I'm using the requests module to collect some data from a website. This application runs once every day. The amount of rows of data I get changes every time, per request I can get a maximum 250 rows of data. If there is more then 250 rows of data the API gives me a follow uplink which can be used to get the rows 251 >- 500 etc.
Now I have a problem, sometimes the amount of data is < 250 rows, this means there is no followuplink to use and that's exactly where my program gives the following error:
KeyError: #odata.nextLink
This is a piece of the application:
proxies = {'https': 'proxy.***.***.com:8080'}
headers = {"grant_type": "password",
"username": "****",
"password": "****",
"persistent": "true",
"device": '{"DeviceUniqueId":"b680c452","Name":"Chrome","DeviceVersion":"36","PlatformType":"Browser"}'}
url1 = 'https://****-***.com/odata/Results'
params_1 = (
('$filter', mod_date),
('$count', 'true'),
('$select', 'Status'),
('$expand', 'Result($select=ResultId),Specification($select=Name), SpecificationItem($select=Name,MinimumValue, MaximumValue)\n\n'),)
response_1 = requests.get(url_1, headers=headers, proxies=proxies, params=params_1)
q_1 = response_1.json()
next_link_1 = q_1['#odata.nextLink']
q_1 = [tuple(q_1.values())]
while next_link_1:
new_response_1 = requests.get(next_link_1, headers=headers, proxies=proxies)
new_data_1 = new_response_1.json()
q_1.append(tuple(new_data_1.values()))
next_link_1 = new_data_1.get('#odata.nextLink', None)
Now I actually want Python to only read the variable next_link_1 if its available otherwise it should just ignore it and collect what is available...
You only want to enter the while loop when q_1 has the key '#odata.nextLink' Inside the while loop, this is already accomplished in the line next_link_1 = new_data_1.get('#odata.nextLink', None) You could use the same approach -- setting next_link_1 to None if there is no next link -- before the while loop:
next_link_1 = q_1.get('#odata.nextLink', None)
This can be simplified to
next_link_1 = q_1.get('#odata.nextLink')
as None is already the default default value of dict.get().
NB: The question title is wrong.
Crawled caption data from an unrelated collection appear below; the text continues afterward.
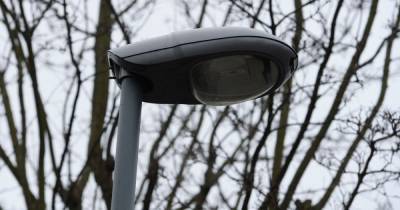 Council explains why street lights have been flickering in Salford - www.manchestereveningnews.co.uk - city Boothstown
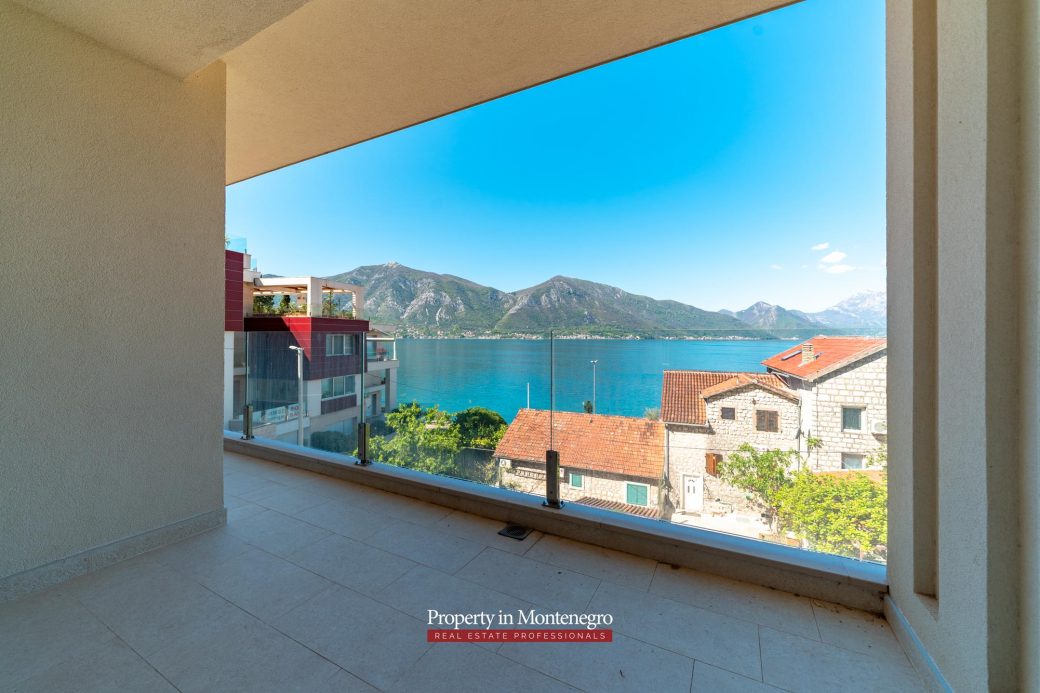 Two bedroom apartment for sale in Kotor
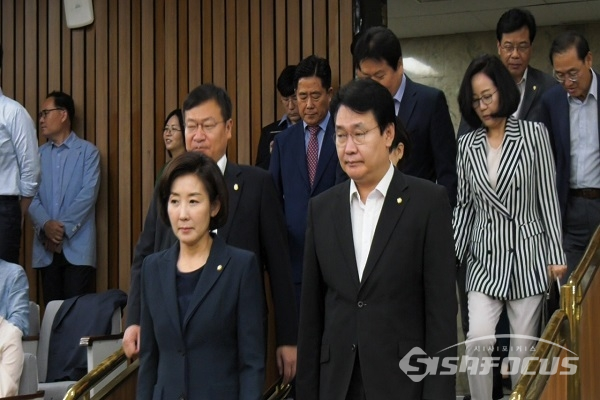 나경원원내대표와 정용기 정책위장이 나란히 회의실로 걸어오고 있다. 사진 / 박상민 기자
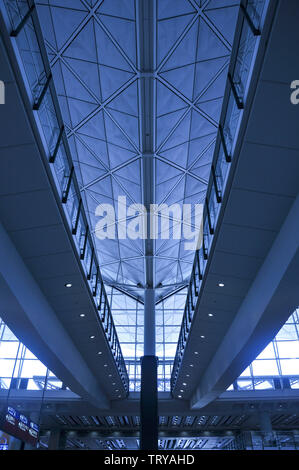 Hongkong, China, 29, April, 2013. Innere Aufnahme der Hong Kong International Airport, ist die kommerzielle Flughafen Hong Kong, erbaut auf zurückgewonnen Stockfoto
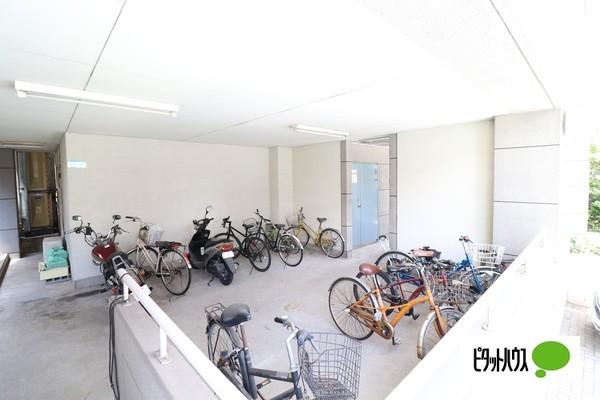 ローテローゼ登戸 駐車場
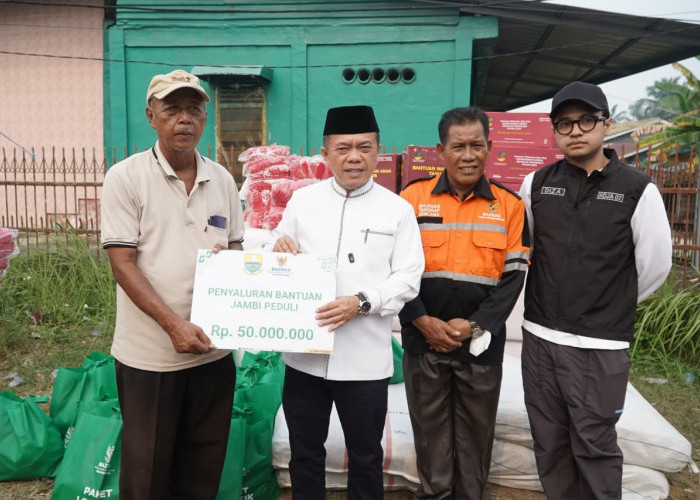Gubernur Al Haris Tinjau Korban Kebakaran di Cempaka Putih, Pastikan Bantuan Segera Disalurkan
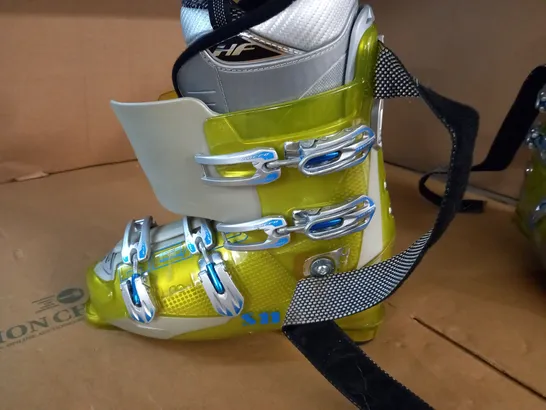 pair of head snowboarding boots in yellow - 29.0 / 29.5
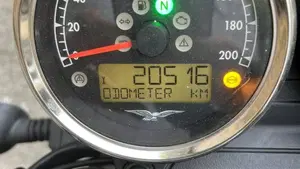 Moto Guzzi V7 III Milano (2018 - 20)  (3)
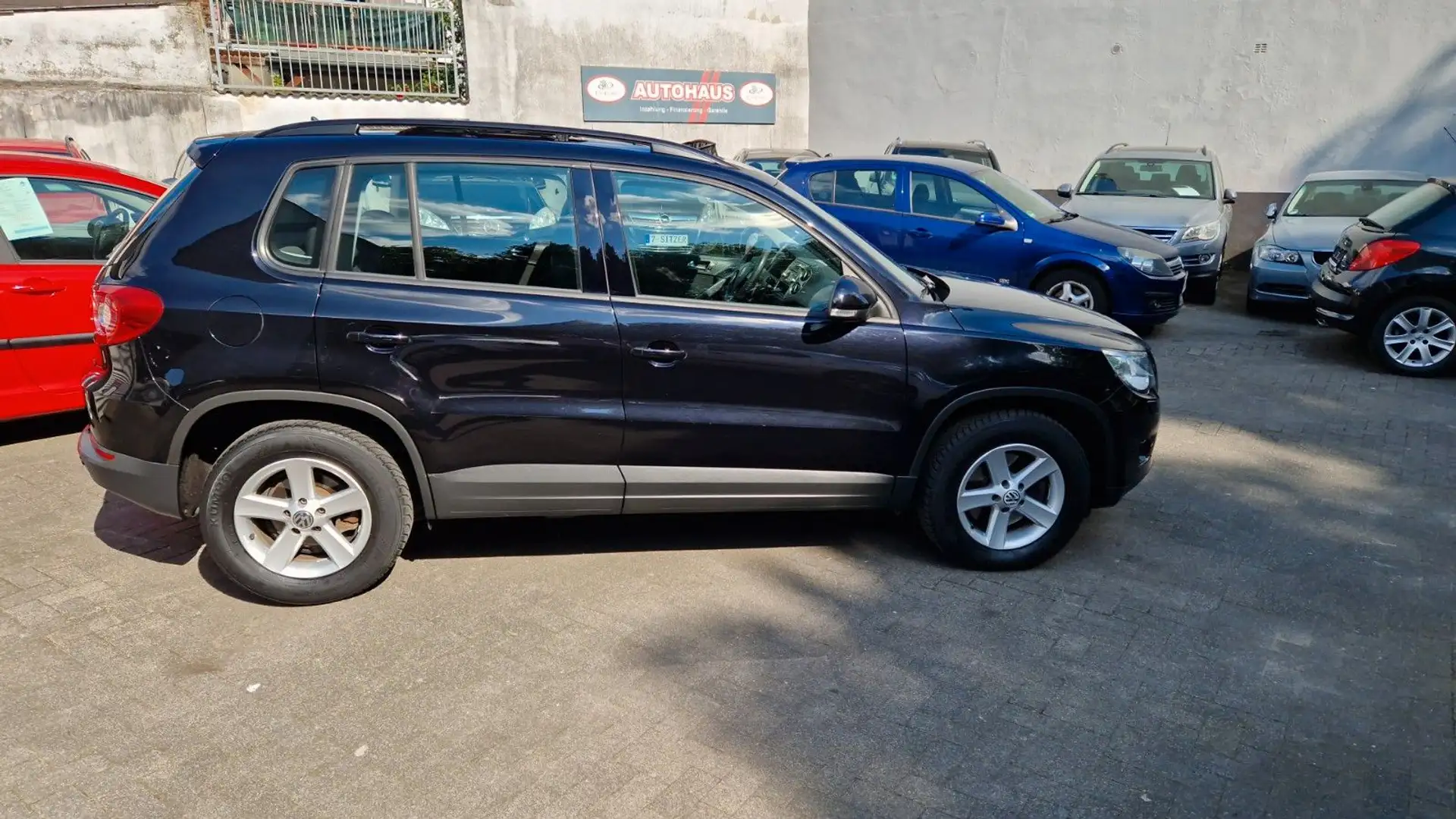 Volkswagen Tiguan 2.0 TDI Trend & Fun 1.Hand+Panoramdach Fekete - 2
The variable always exists, as you are setting it. Only the existence of the key #odata.nextLink is fragile. So, what you actually want to do is check the existence of a key in a dictionary. To understand what is going on, you should familiarize yourself with the dict.get() method.
There is also some obvious refactoring possible here, getting rid of the repetition of the first iteration, and moving it into the loop:
proxies = {'https': 'proxy.***.***.com:8080'}
headers = {
'grant_type': 'password',
'username': '****',
'password': '****',
'persistent': 'true',
'device': '{"DeviceUniqueId":"b680c452","Name":"Chrome","DeviceVersion":"36","PlatformType":"Browser"}'
}
params = (
('$filter', mod_date),
('$count', 'true'),
('$select', 'Status'),
('$expand', 'Result($select=ResultId),Specification($select=Name), SpecificationItem($select=Name,MinimumValue, MaximumValue)\n\n'),
)
url = 'https://****-***.com/odata/Results'
data = []
while url:
response = requests.get(
url,
headers=headers,
proxies=proxies,
params=params,
)
response_data = response.json()
data.append(tuple(response_data.values()))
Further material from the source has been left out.